Lease & Residential Tenancy Agreement Terms
Can I require a tenant to provide proof of insurance as a condition of the lease?
Yes, you can offer this as a term of the lease. It will be up to the tenant as to whether or not they want to agree to that term. A tenant will only be able to obtain contents and liability insurance, not insurance for the building.
Can I make rules about "quiet hours" in my rental building?
Yes. In order to be able to enforce the rules as a part of the tenancy agreement, you will want to ensure tenants understand that the rules form part of the tenancy agreement when they sign the agreement and that you can change the rules from time to time. This is especially important if the rules are contained in a separate document.
If you introduce the rules at a later date, it may be arguable whether or not they form part of the tenancy agreement and thus limit your ability to take action against anyone who breaches the rules.
Can I make it mandatory that tenants pay their rent by automatic withdrawal from the bank, or does a tenant have a right to pay in cash or by cheque?
Yes. You can make it a term of the tenancy agreement that tenants pay by automatic withdrawal and then it is up to them as to whether they want to accept the tenancy on that basis or not. It would be a good idea to draw any such term to their attention before they sign the agreement in case they cannot fulfill the condition.
If you want to make a change to the method of payment during a tenancy agreement, you will need the agreement of the tenant.
A tenant in my apartment building bought a portable clothes washer and dryer and is using them in the suite. I pay for the water and these appliances use a lot of extra water. There is nothing in the lease he signed that specifically prohibits this. Can I ask him to remove the machines or face eviction?
It depends on the wording of your lease. You cannot remove the tenant unless he is in breach of the lease agreement.

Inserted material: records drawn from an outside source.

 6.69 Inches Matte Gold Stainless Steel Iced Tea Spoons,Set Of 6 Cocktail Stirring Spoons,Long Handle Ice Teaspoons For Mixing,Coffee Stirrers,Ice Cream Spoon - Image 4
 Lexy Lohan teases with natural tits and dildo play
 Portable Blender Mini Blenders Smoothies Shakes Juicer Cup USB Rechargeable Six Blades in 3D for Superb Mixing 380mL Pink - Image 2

Unless there is something in your lease that prohibits him from doing what he is doing, then he is not in breach and you have no right to evict him.

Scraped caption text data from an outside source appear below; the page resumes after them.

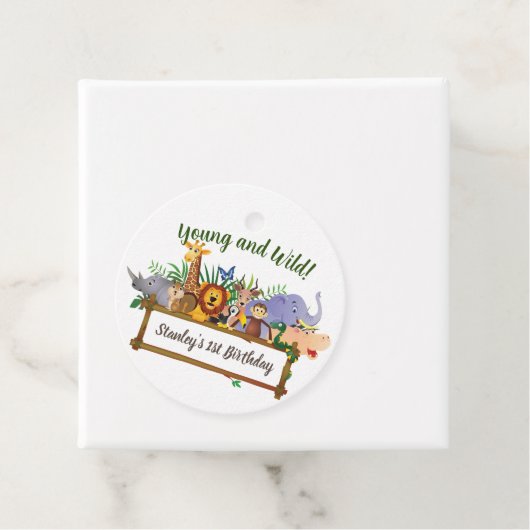 Oerwoud Safari Dieren Bos Kinderen Verjaardag Bedankjes Labels (In situ)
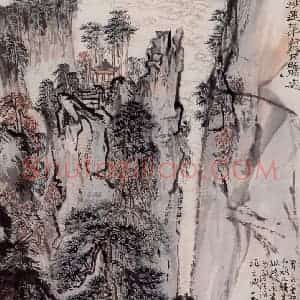 1962年 陆俨少《倒挂莲花峰》国画山水作品图片赏析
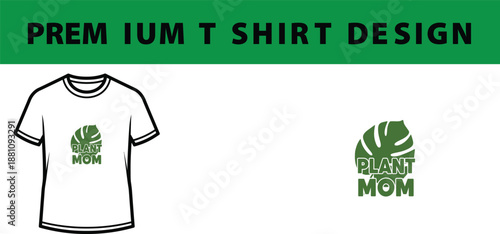 Plant Mom Monstera Leaf T-Shirt Design Mockup isolated on Transparent Background
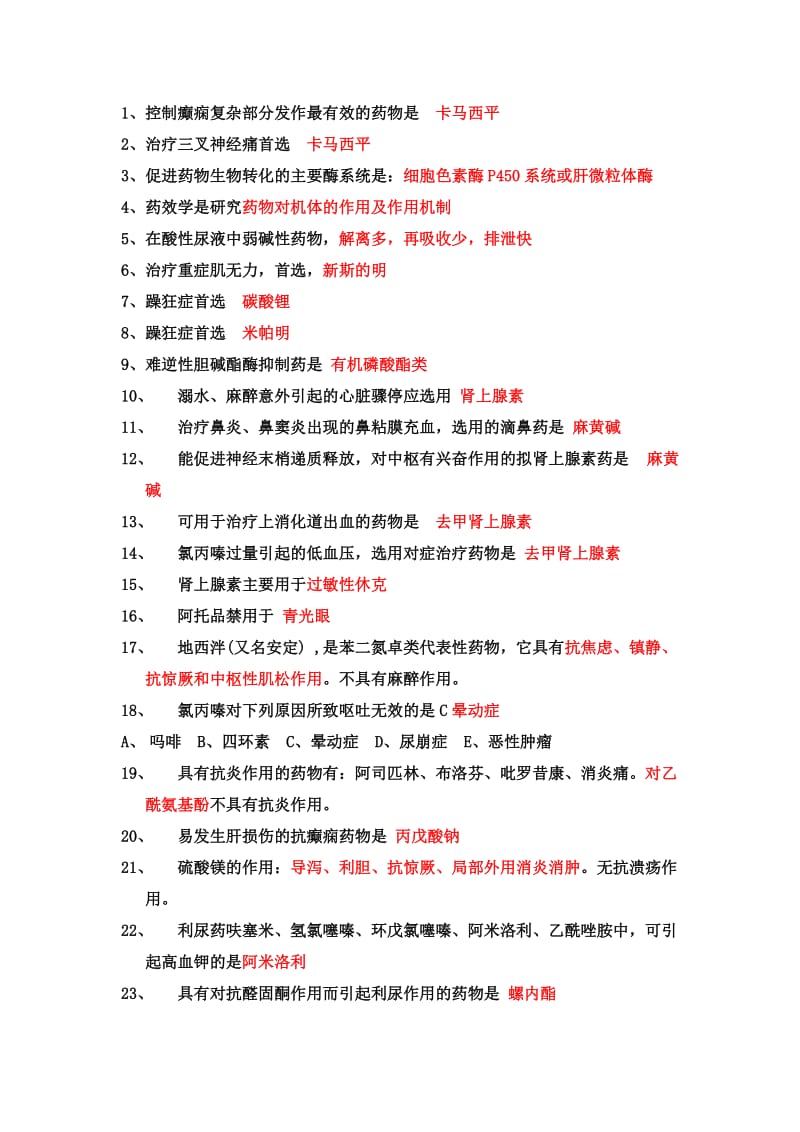 医院药学考试知识点总结.doc_第1页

I want to update a rental agreement that I have with some tenants who live in a house that I rent out. I think the new terms are within what is allowed in the Residential Tenancies Act. How do I go about this? Are there time limits? Can I evict the tenants if they do not sign?
The only term that can be changed during the course of a tenancy agreement is a rent increase in a periodic tenancy. There are rules that govern when and how often a rent increase notice can be given. Otherwise, you can only change the terms of your tenancy agreement (whether fixed-term or periodic) with the agreement of the tenants. If your tenants choose not to accept the new terms, you cannot evict them for that reason.
I have heard that there are rules about how many people can live in a house or apartment. Is that right?
Public health laws require an owner of property to ensure that all occupants have an area for sleeping space. Other public health laws require certain sanitary and health standards that might be compromised if more than a certain number of people live in the premises. In addition, local municipal bylaws might impact the number of people that can live in a house or apartment.
Certain landlords, such as social housing agencies, might impose a requirement about levels of occupancy in their lease agreements. In fact, any landlord could include this as a term of a lease. It is then up to a prospective tenant if that term is acceptable or not.
I have heard that there are rules about putting boys and girls together in the same bedroom. Is that right?
The Residential Tenancies Act in Alberta does not make any reference to this issue.
However, the Canadian Mortgage and Housing Corporation sets National Occupancy Standards for the affordable housing that it funds, so a rental home may be subject to these guidelines.
I'm working abroad and have a tenant in my Calgary condo on a one-year fixed-term lease. He wants to break the lease and leave two months early. When he signed the lease, I told him that the reason for the one-year lease was because I wanted a tenant for the entire time I was abroad. Since I am out of the country, I will not be able to find a new tenant until I return at the end of the term. I disagree to the breaking of the lease; what can I do?
You and your tenant have made an agreement for a lease for one year. If he breaks the lease by leaving early and not paying you rent, you can claim the amount of rent that was not paid.
You have a duty to reduce your losses as far as possible, which means that you must show that you have tried to rent the premises for the time the tenant was gone. In your situation this might be difficult as you are far away, but if you take the tenant to court for the rent, you should be prepared to show the court why it was hard for you to re-rent or what efforts you made to do so.
It is always possible for you to make another agreement with your tenant about the rent in order to save you both time and expense. For example, you might be prepared to accept half the rent. Any new agreement should be in writing and signed by both of you.
I am renting out an apartment to a tenant for the first time. Do I have an obligation to get insurance that covers the possessions of the tenant as well as insurance for the premises?
Not unless you have agreed to obtain such insurance as a term of the tenancy agreement. It is preferable for a tenancy agreement to indicate who will be responsible for insuring the premises and the contents. The tenancy agreement may specifically state that tenants will obtain insurance for their own possessions. Any insurance that you have as the landlord will not necessarily cover a tenant's possessions, or damage to others or to property, caused by the actions of the tenant.
This page was last updated in March, 2006.